4 min read.Updated: 26 Jan 2022, 06:41 AM ISTVivek Kaul
Tax benefits remain uneven for various investments in ways that are unfair to the voiceless
It’s that time of the year when the noise around the central government’s budget reaches its peak. The media is interested in whether the minimum taxable income level, income-tax slabs and the deductions allowed will go up.
These can easily be automated by linking them with average retail inflation, so that the slabs as well as deductions rise automatically every year to account for the rising cost of living. But that would take the drama out of the equation and not allow any government in power to show its benefactory nature.
Given that India’s income tax law changes with every budget, insurance companies, mutual funds, real estate companies and stock market brokerages have all put out their list of demands. They want the tax benefits available for the specific kind of investment they represent to go up.
Real estate companies want the interest deduction available on home loans to go up. The stock market guys don’t want to pay any tax on the long-term capital gains they make. Of course, they have cloaked this intention under the euphemism of the government needing to encourage stock-market participation across the country.
In all this, no one seems to be batting for depositors. While all other forms of income get favourable tax treatment, those with deposits in banks don’t.
Let’s start with gold. If this metal is sold after a period of holding of more than three years, any gain is subject to long-term capital gains tax of 20% after indexation. Indexation allows investors to take the inflation that prevailed during the holding period into account while calculating the investment’s cost of acquisition. This brings down the effective gain made, and, as a result, the total tax that needs to be paid. This indexation benefit while calculating capital gains is also available to those who invest in debt mutual funds and homes.

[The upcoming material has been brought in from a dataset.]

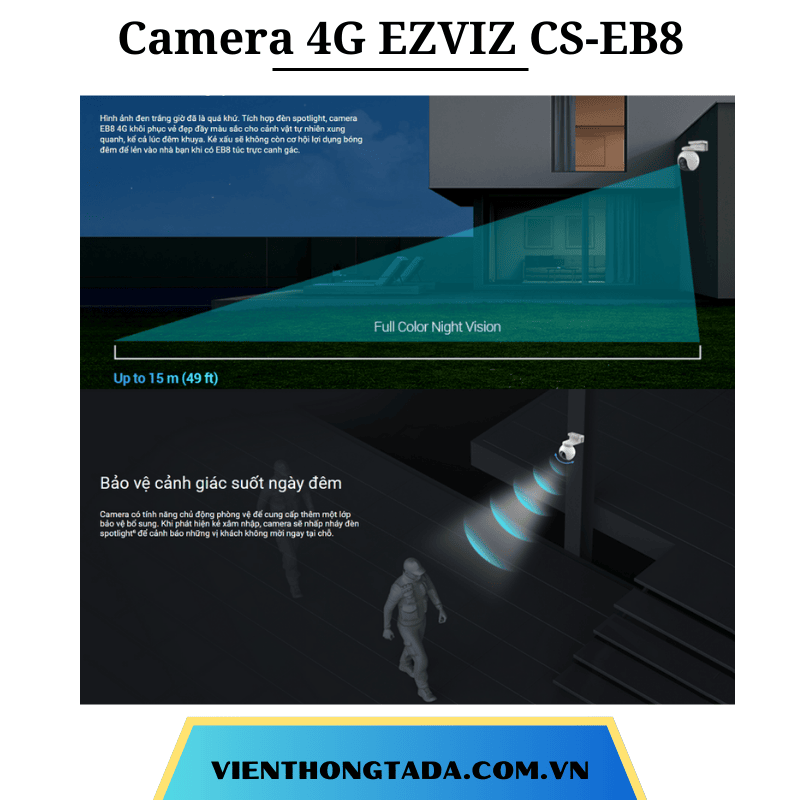 Camera 4G EZVIZ CS-EB8 | Kết Nối 4G, Pin Khủng 10400 mAh, Quay 360 Độ, Độ Phân Giải | Bảo Hành 12 Tháng 1 Đổi 1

So, what’s the economic use of investing in gold and why should there be tax benefits provided for it? Further, people invest in homes and simply keep them locked. When they sell property, they get indexation benefits. Why should that be the case?
When it comes to interest earned on deposits, tax needs to be paid at the marginal rate and there are no indexation benefits available. Does inflation not impact Indian depositors in any way?
In recent years, the government has allowed senior citizens, or those aged 60 years and above, to deduct interest earned on bank and post-office deposits from their taxable income up to a maximum of ₹50,000. This partly softens the blow of inflation by introducing an exception to the rule. But, in doing so, it also further complicates the income tax law, which taxes different forms of income in different ways and at different tax rates.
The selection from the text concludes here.